_Description of the task_.
Repeat exactly the line that contains "BBQ Grilled pork ribs on the grill 24110505" and every line after it, down to the last line of the entries below. Do not include pictures.

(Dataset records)
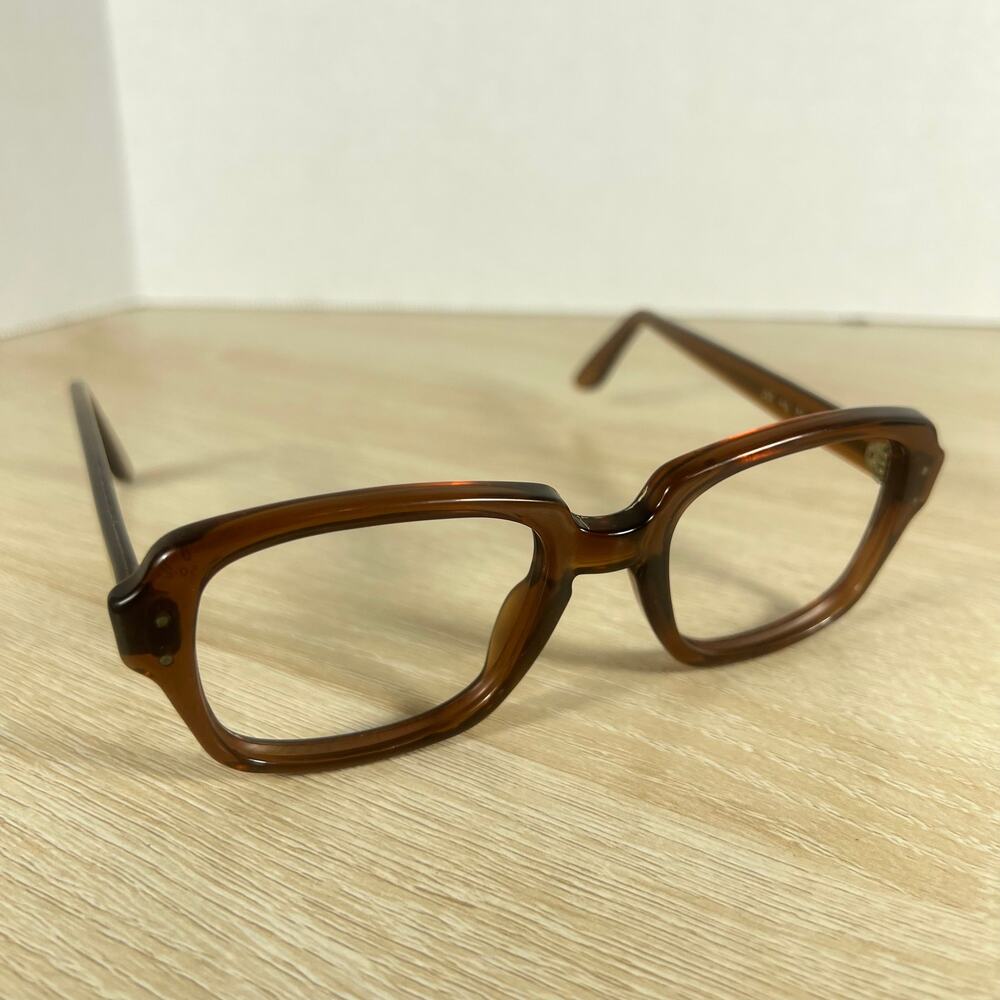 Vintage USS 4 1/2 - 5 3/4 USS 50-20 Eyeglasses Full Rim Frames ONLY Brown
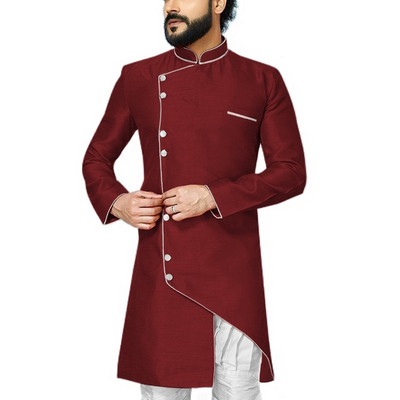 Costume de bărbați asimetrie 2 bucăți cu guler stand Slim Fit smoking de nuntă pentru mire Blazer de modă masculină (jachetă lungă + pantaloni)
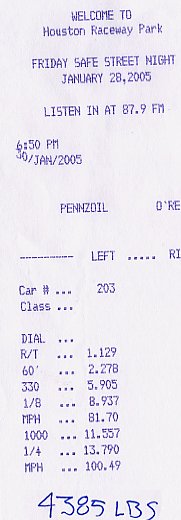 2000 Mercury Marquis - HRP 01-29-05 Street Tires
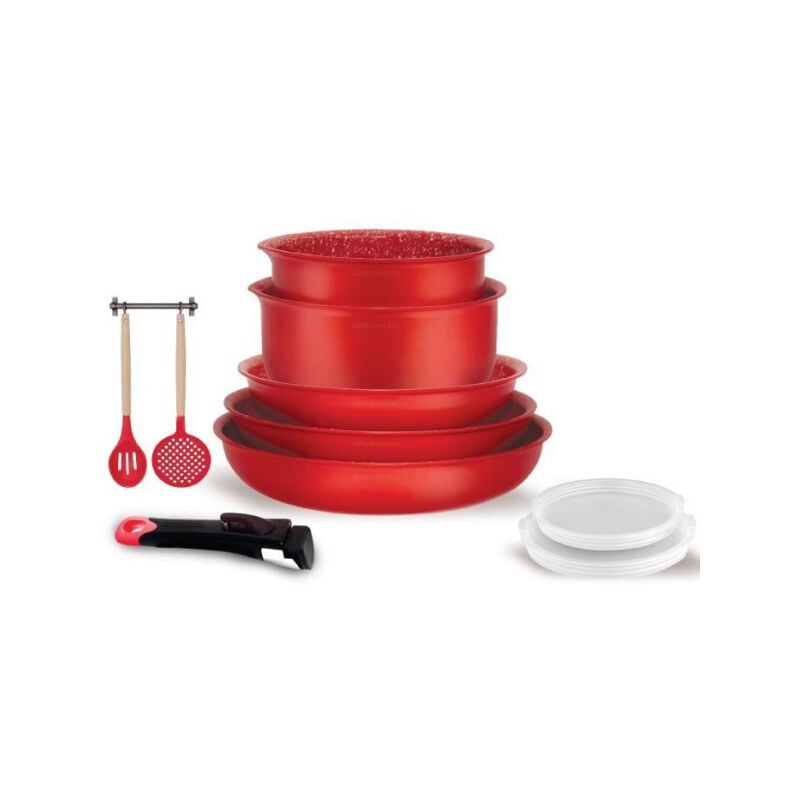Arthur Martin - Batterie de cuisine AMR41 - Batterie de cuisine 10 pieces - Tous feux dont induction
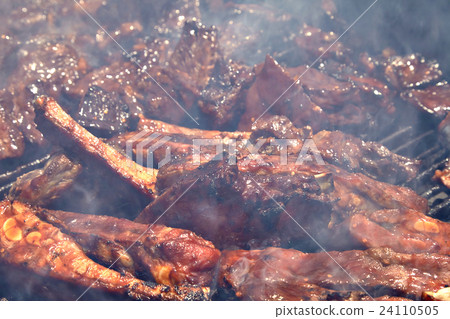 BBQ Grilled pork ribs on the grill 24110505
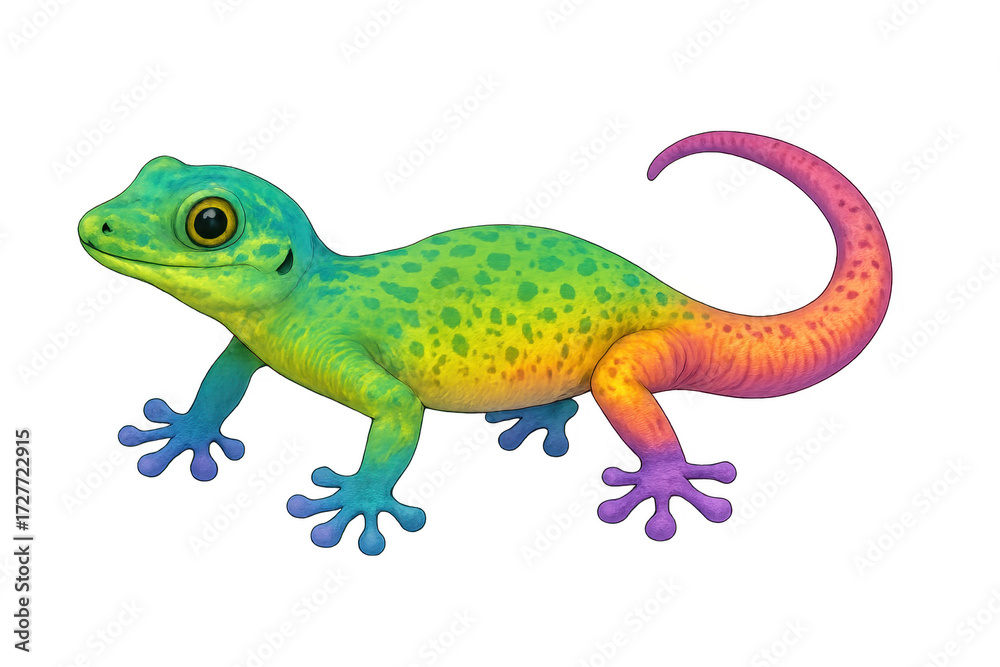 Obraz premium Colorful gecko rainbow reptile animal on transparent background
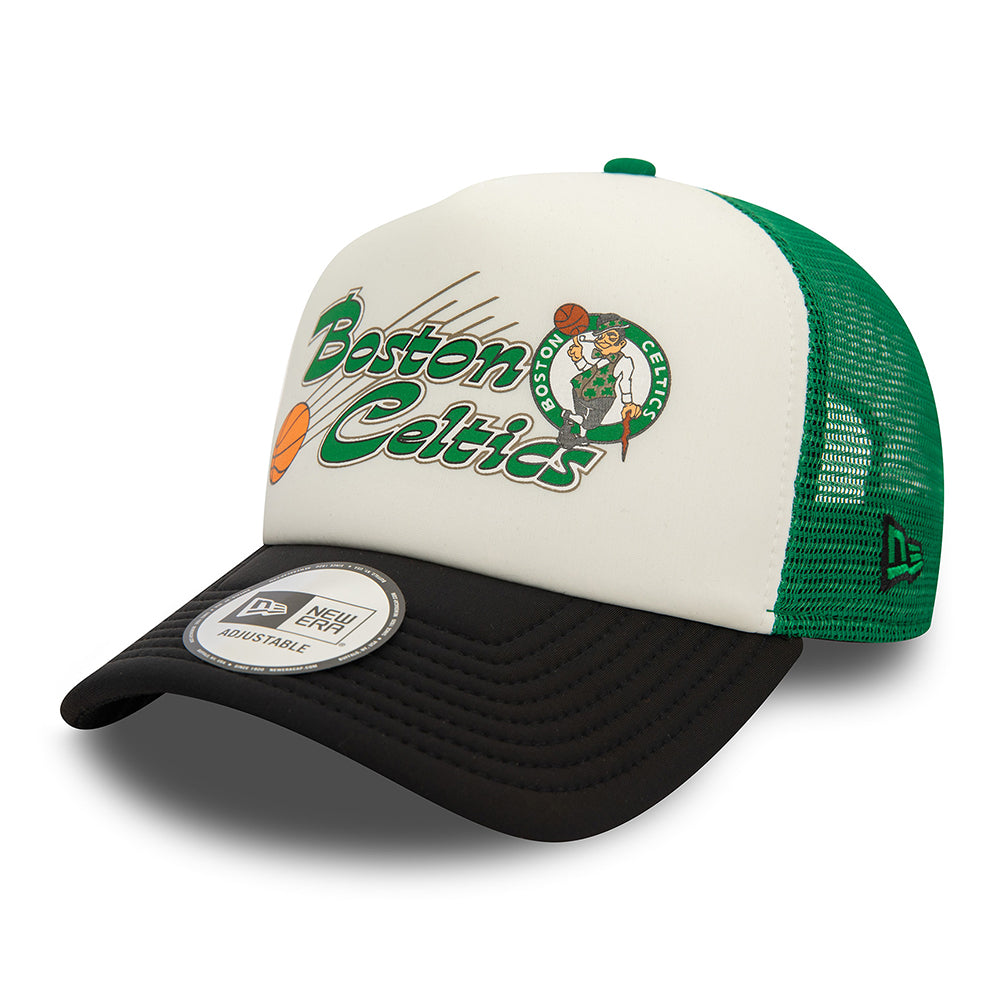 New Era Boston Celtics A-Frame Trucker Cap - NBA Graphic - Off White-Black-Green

_Result of the exercise_.
 BBQ Grilled pork ribs on the grill 24110505
 Obraz premium Colorful gecko rainbow reptile animal on transparent background
 New Era Boston Celtics A-Frame Trucker Cap - NBA Graphic - Off White-Black-Green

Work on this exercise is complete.